• WORK ORDER
Count how many lines of the data below contain the string "Beach"; the reply should be that number alone.

··· ENTRIES SHOWN ···

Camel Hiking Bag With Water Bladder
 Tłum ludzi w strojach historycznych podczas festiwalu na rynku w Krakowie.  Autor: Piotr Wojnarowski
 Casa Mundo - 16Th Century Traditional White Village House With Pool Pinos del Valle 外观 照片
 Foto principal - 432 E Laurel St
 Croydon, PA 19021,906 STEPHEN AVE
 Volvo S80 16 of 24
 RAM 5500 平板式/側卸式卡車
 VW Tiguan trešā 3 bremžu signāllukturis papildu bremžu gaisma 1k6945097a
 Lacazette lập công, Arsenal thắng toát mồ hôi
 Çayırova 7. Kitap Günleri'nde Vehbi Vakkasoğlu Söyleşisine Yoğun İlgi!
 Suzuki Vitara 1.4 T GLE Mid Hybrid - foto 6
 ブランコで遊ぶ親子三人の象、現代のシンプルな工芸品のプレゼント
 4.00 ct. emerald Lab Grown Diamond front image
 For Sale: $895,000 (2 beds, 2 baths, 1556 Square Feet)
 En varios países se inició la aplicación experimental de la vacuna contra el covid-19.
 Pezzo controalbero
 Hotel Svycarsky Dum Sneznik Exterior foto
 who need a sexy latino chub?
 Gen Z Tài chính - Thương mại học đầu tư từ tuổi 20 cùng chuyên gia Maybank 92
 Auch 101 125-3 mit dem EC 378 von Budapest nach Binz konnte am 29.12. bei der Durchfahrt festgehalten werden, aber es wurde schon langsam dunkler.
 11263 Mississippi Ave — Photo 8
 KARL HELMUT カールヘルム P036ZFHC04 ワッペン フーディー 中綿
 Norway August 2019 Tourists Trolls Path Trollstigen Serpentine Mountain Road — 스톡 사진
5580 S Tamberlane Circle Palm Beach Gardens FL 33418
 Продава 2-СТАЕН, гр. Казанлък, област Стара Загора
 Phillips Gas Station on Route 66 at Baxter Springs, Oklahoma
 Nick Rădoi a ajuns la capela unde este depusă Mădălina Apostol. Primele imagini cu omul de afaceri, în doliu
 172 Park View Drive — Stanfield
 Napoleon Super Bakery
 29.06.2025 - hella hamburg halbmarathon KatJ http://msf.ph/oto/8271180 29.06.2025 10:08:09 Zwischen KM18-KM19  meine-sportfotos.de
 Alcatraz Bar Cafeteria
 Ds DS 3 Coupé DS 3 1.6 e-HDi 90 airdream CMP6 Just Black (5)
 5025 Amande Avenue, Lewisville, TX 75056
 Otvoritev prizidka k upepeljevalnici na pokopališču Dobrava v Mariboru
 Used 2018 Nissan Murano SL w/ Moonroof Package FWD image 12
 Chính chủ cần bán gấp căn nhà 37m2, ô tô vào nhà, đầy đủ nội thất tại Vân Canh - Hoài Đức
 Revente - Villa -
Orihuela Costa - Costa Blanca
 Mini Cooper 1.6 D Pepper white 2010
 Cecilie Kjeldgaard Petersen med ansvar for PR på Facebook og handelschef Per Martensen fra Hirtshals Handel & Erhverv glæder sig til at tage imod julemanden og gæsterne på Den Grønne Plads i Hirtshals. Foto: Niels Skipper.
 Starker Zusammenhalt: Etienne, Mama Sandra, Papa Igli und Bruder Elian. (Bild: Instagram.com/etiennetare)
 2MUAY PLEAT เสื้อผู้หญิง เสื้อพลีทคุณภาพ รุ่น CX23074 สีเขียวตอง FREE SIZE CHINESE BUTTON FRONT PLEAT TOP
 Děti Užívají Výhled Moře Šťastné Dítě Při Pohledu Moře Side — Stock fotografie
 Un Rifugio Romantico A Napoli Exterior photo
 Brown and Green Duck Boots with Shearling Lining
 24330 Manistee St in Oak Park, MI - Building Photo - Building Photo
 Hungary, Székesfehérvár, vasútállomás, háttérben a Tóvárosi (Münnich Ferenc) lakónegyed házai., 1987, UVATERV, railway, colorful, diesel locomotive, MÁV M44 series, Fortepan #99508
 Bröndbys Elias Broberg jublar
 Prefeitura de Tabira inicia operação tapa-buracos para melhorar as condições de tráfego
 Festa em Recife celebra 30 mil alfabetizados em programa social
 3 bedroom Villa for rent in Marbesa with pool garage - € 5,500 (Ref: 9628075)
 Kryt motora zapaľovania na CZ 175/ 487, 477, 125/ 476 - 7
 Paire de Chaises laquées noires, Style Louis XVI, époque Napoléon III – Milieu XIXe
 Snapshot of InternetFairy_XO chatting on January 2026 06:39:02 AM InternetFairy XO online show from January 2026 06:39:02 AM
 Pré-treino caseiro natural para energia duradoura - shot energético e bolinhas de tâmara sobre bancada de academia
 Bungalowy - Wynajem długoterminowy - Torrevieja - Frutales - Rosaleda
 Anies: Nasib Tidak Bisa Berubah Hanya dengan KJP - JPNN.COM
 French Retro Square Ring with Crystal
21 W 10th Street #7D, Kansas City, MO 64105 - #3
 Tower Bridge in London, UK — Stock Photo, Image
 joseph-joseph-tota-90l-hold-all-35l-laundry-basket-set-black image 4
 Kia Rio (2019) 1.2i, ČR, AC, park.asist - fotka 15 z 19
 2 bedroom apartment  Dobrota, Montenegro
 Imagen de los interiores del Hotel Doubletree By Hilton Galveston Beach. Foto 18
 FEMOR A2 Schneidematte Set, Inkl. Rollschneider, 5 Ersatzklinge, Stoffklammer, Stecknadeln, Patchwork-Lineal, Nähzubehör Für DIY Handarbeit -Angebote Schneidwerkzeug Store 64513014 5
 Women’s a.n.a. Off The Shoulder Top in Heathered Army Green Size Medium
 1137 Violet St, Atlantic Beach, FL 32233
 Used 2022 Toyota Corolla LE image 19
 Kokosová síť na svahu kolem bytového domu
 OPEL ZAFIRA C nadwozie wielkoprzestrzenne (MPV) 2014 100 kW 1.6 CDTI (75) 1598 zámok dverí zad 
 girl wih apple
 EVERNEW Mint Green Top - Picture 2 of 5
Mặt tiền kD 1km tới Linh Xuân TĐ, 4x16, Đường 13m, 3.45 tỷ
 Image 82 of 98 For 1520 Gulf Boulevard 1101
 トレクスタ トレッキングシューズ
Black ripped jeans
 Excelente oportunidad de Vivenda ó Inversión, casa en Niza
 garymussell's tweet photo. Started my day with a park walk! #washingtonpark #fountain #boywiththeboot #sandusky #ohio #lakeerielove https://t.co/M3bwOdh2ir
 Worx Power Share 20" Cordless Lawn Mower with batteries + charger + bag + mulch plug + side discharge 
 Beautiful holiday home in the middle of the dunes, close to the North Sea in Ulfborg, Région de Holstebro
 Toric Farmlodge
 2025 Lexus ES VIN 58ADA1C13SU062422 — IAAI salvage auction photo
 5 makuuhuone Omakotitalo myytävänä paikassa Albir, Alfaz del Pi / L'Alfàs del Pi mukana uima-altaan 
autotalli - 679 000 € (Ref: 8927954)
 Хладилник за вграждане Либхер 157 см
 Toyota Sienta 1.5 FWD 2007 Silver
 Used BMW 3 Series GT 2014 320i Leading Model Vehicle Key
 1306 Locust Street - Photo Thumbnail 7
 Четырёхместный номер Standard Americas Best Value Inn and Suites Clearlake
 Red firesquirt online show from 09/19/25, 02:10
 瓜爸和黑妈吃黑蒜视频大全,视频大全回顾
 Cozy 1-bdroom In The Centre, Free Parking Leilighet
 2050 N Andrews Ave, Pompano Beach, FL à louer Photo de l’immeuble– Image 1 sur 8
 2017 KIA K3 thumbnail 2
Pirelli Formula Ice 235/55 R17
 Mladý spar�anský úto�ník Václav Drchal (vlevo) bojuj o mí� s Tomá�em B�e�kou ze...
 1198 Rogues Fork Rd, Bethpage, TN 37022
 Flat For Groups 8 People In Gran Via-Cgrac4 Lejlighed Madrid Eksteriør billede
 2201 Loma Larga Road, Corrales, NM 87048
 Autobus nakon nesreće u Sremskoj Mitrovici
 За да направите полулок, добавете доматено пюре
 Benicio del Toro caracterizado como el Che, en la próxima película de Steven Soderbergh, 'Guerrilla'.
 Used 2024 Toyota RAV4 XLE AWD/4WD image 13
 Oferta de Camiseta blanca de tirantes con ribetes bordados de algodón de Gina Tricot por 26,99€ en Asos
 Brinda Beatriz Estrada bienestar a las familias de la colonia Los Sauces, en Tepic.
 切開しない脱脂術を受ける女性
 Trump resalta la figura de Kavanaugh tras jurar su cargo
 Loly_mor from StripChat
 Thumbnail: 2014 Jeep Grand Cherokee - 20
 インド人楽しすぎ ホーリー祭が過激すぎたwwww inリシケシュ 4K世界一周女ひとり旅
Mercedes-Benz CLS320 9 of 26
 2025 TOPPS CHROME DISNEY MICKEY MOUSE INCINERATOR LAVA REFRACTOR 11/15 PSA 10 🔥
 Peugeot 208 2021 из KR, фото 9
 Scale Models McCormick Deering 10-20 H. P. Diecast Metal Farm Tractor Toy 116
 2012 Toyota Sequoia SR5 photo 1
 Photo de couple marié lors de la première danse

···

• RESPONSE BOX
4